Ainda que Wanderlei tenha dito na mesma entrevista que o impeachment não estaria na pauta Executivo/Legislativo, as circunstâncias, sujeitos e objeto não acomodam a transversalidade do juízo de avaliação da coisa pretendida mesmo que se tentasse nela ancorar estratégia defensiva.

Impeachment é um processo político com fundamentos jurídicos e não um processo jurídico com fundamento político que exigisse compulsoriedade e obrigatoriedade de pauta e prazos. Ou seja, é dependente mais da vontade política do que imposição de dispositivos legais. Se o presidente do Legislativo não tiver a vontade política de colocá-lo em pauta, Executivo e Judiciário não poderão obrigá-lo.

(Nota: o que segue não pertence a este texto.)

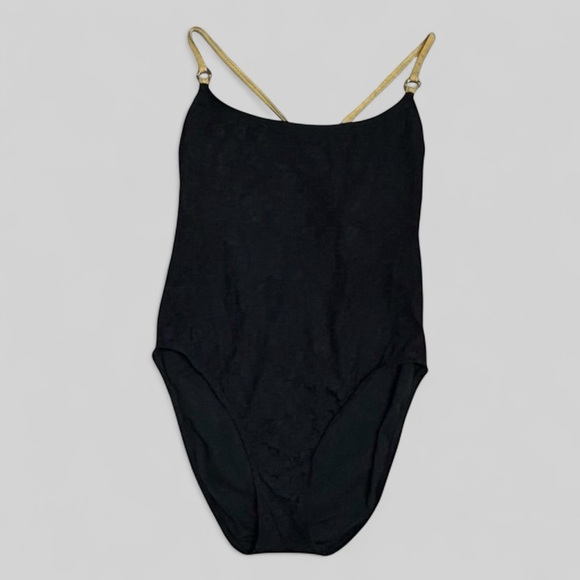 St. John Sport One Piece Swimsuit Black
Size 14 - Picture 1 of 6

Na Câmara dos Deputados há mais de 130 pedidos de impeachment de Jair Bolsonaro.

A cobrança, que de implícita não tem nada, implica na interferência pública do Executivo nessa vontade política (garantida pela Constituição) do Legislativo. A tentativa de um poder sobrepor-se a outro fazendo uso da má impressão que o público possa ter da omissão, no caso, de um dos poderes públicos.

As premissas para a tomada de posição, aliás, atribuídas a Wanderlei não tem em larga medida consonância com as conclusões a que chegou o  governador interino (como divulgadas) para sua decisão de exposição pública que soou mais como reveladora da ansiedade que deve tomar-lhe os dias do que com preocupação institucional.

O Estado, como é notório, não está sangrando. E isto, diga-se, resulta justamente do cuidado que Wanderlei tem tido, dando segurança ao empresariado e à população. A sua gestão (num processo altamente delicado) manteve o desempenho da arrecadação e das despesas e as transferências tem se mantido regulares possibilitando ao governo interino, dentre outras coisas, a regularidade e datas marcadas para transferências municipais e calendário de pagamento de servidores. Não é pouco.

Por outro lado, não se vê nas ruas a tal sociedade se manifestando pelo impeachment e nem o governador afastado se rebelando publicamente contra as decisões do STJ e as ações do MPF/PF. Motivos teria: o vazamento seletivo (e ilegal) de parte do processo quando este encontrava-se sob sigilo e sem que apresentasse sua defesa. Tem-se até agora apenas as impressões  das investigaçóes e conclusoes da PF e do MPF. Sem o contraditório.

Ou seja: apesar dessa gritante ilegalidade processual (sem juizo de valor das acusações) tudo seguindo o rito democrático. O contrário emergiu só agora com a declaração impensada do governador interino de cobrança de providências do outro poder, o Legislativo que, tivesse musculatura parlamentar ,colocaria o pedido do Sisepe em pauta e o derrubaria. Apenas para demonstrar que os poderes são independentes, ainda que interdependentes e que na República ainda está valendo os freios e contra-pesos. É só um dos riscos do sincericídio intempestivo e inoportuno.

O governador interino vai bem. Mas convém , para seu próprio projeto político, que não ultrapasse certos limites pois eles próprios é que garantem sua permanência no cargo.